• [Task prompt]: Exercise in exact copying: restate word for word only the lines below from the one containing "Hi everyone, in" through the one containing "Good day. Today", omitting any pictures.

• [Record set]:
· · · ·

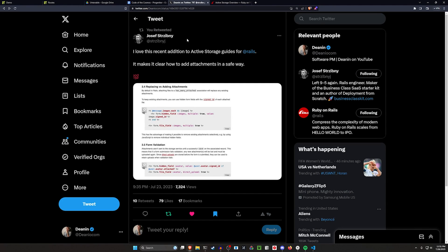Hello everyone. The other day I was scrolling through Twitter and I saw this post by Yosef about the updated Rails edge guides.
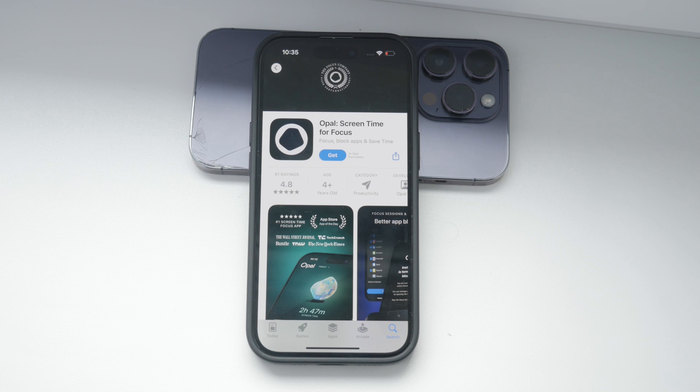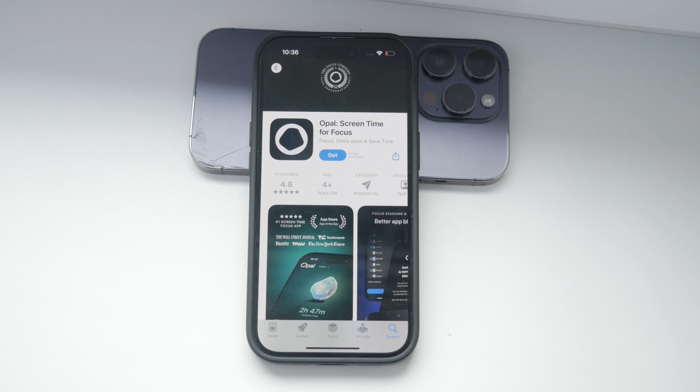So to sum up, using Screen Time is a straightforward way to restrict app usage on your iPhone. Just open Settings, go to Screen Time, set it up if you haven't already, and add limits to the apps or categories you want to control. Adjust the time limits to suit your needs and consider third-party apps like Opal for additional control.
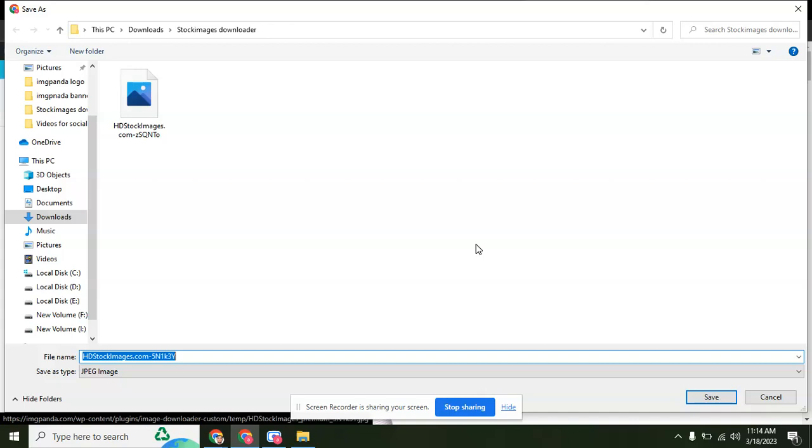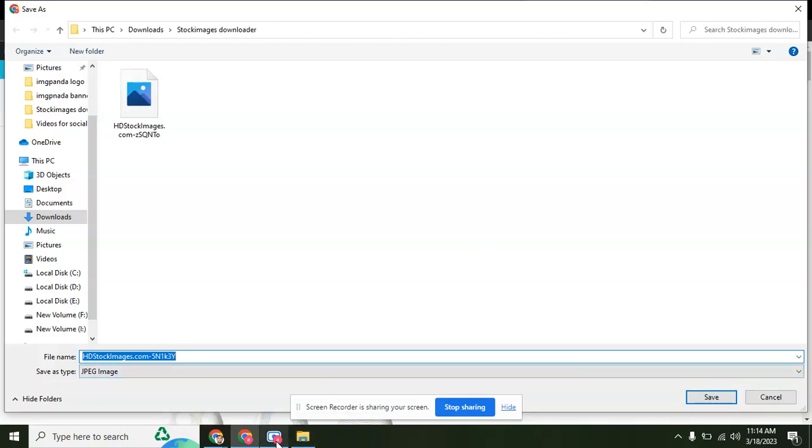Now click here if you want to save it on your PC or laptop. Your image is ready to download on your PC.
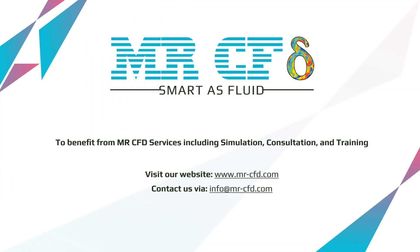To benefit from MR-CFD services, including simulation, consultation, and training, contact our experts via info at mr-cfd.com.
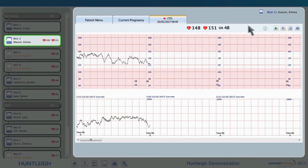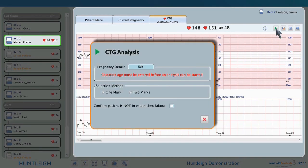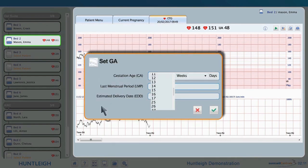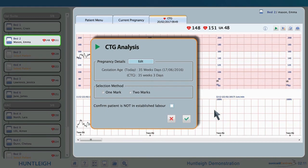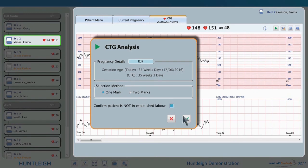Back to the CTG trace — by clicking on the green triangle, the Dawes-Redmond analysis can be started, first by entering the gestational age if it has not been entered before. The gestational age can also be calculated by EDD or LMP, and automatically updates over time, so only needs to be entered once per pregnancy. Select one mark to start the analysis at a particular point on a trace, or two marks to analyse a section of a trace greater than 10 minutes long, and confirm the mother is not in active labour.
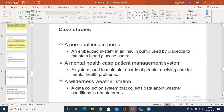There are three case studies. These case studies are always being studied with respect to various points of view. The first case study is a personal insulin pump. You know the functionality of an insulin pump.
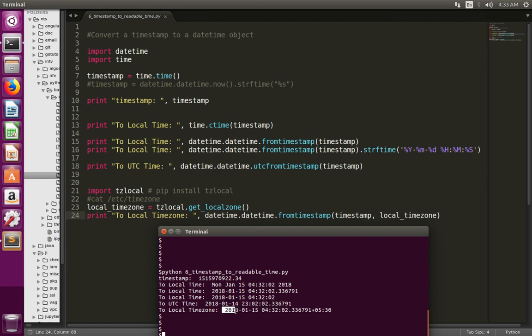Then this is the output of timestamp to local time conversion — this is the output of line number 27. So this way we can convert a timestamp to local time or UTC time. Please subscribe to my channel if you like this video.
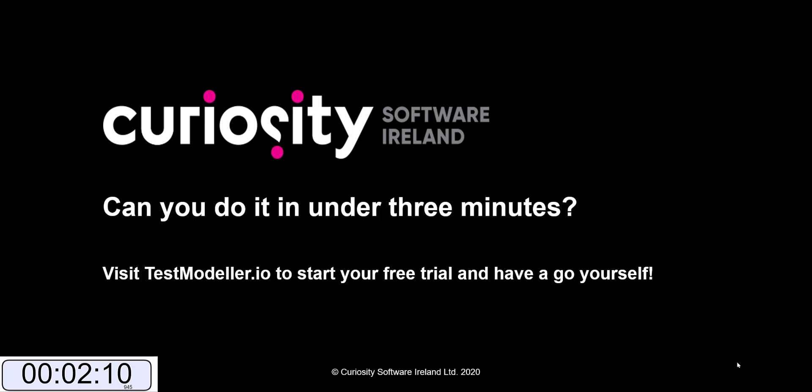It took me just over two minutes. Can you do it in under three minutes? Visit testmodeler.io to start your free trial today and you'll be able to have a go yourself.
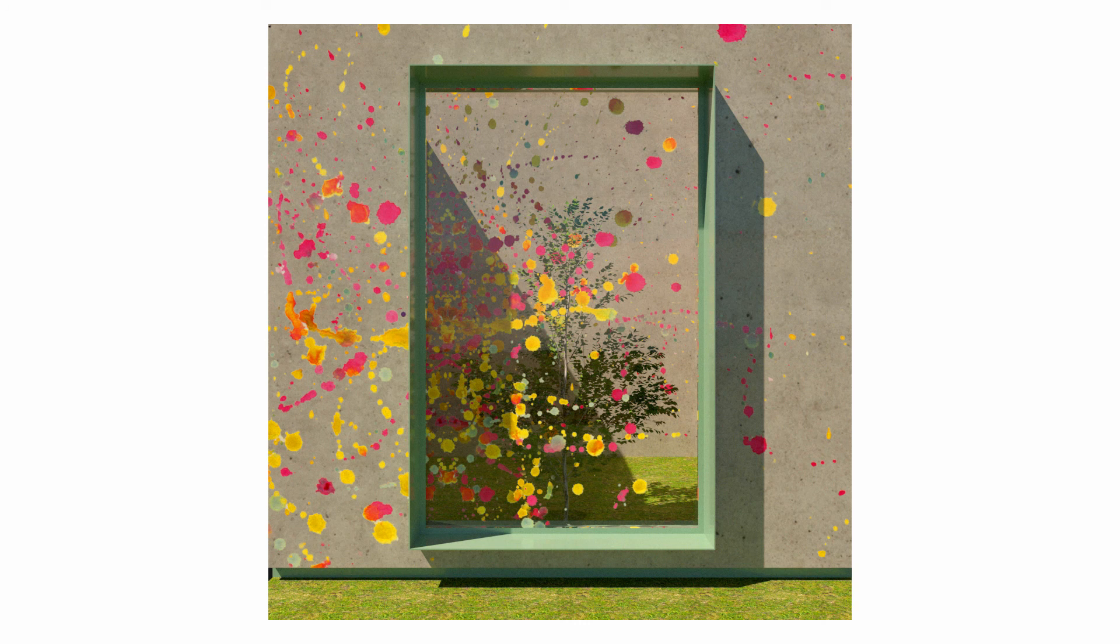So thank you for watching this tutorial. I hope you found this helpful, and if you'd like to watch any other tutorials on Rhino modeling or texturing or rendering in V-Ray, please check out the videos on the channel.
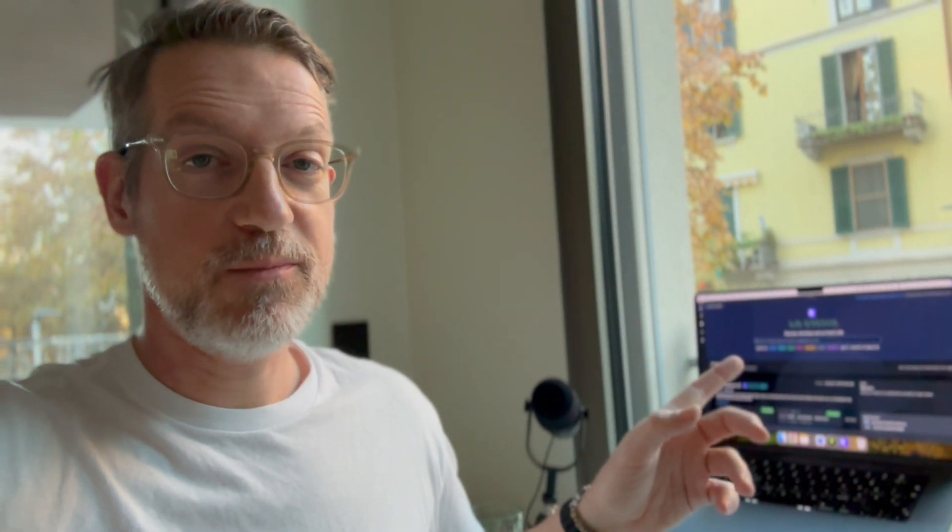I'm going to show you the demo in a second, then I'm going to be talking about some of the wider implications for how I will use these tools to draft patents in 2024, and then at the end of the video I have a big announcement, so stick around to the end. But now, first of all, let's jump onto my laptop for the demo.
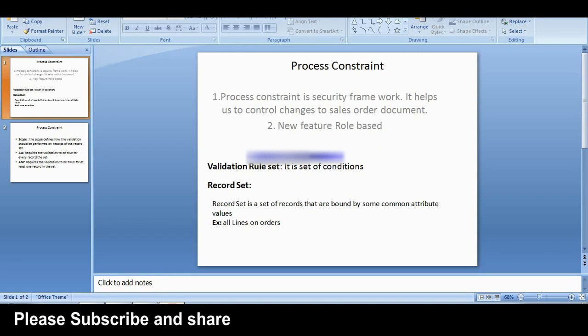Good morning guys. Today let us discuss the topic Process Constraint in Oracle Fusion. A process constraint is a security framework that helps us to control changes on sales orders. For example, on a particular condition, do we need to allow a change on any attributes, or allow cancel, or allow update, or allow submit or not.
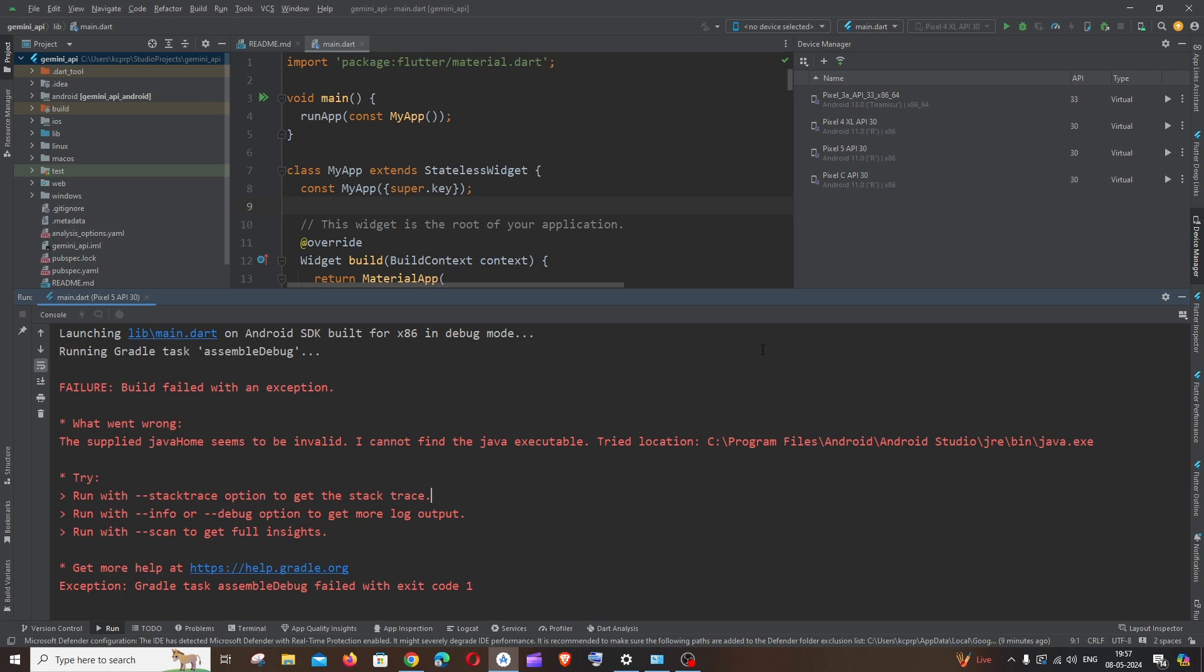Hi everyone, in this video I'll be showing you how to solve the error 'the supplied Java home seems to be invalid' in Android Studio Flutter. So let's get started. I'm getting this error when I try to run my Flutter application for the first time.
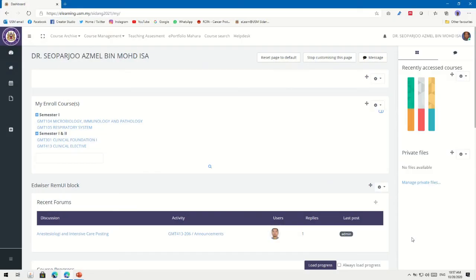Good day. Today I'm going to show you how to record your presentation using Cisco Webex. This is used mainly for the asynchronous teaching and learning process, if your school or center allows it, so you can use it for the asynchronous teaching method.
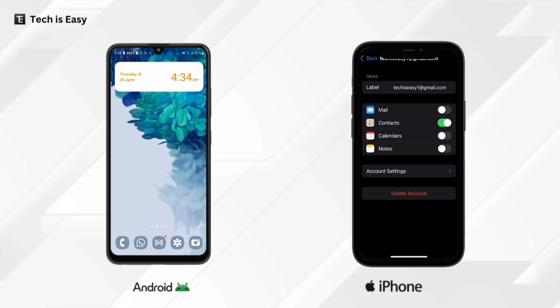And if this is done, then in a few minutes you'll see that all the contacts have come to your iPhone. So this is how it works. And if you want to know how to transfer photos from your iPhone to your PC, check out this video over here.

· · · ·

• [Result]:
Hi everyone, in this video I'll be showing you how to solve the error 'the supplied Java home seems to be invalid' in Android Studio Flutter. So let's get started. I'm getting this error when I try to run my Flutter application for the first time.
Good day. Today I'm going to show you how to record your presentation using Cisco Webex. This is used mainly for the asynchronous teaching and learning process, if your school or center allows it, so you can use it for the asynchronous teaching method.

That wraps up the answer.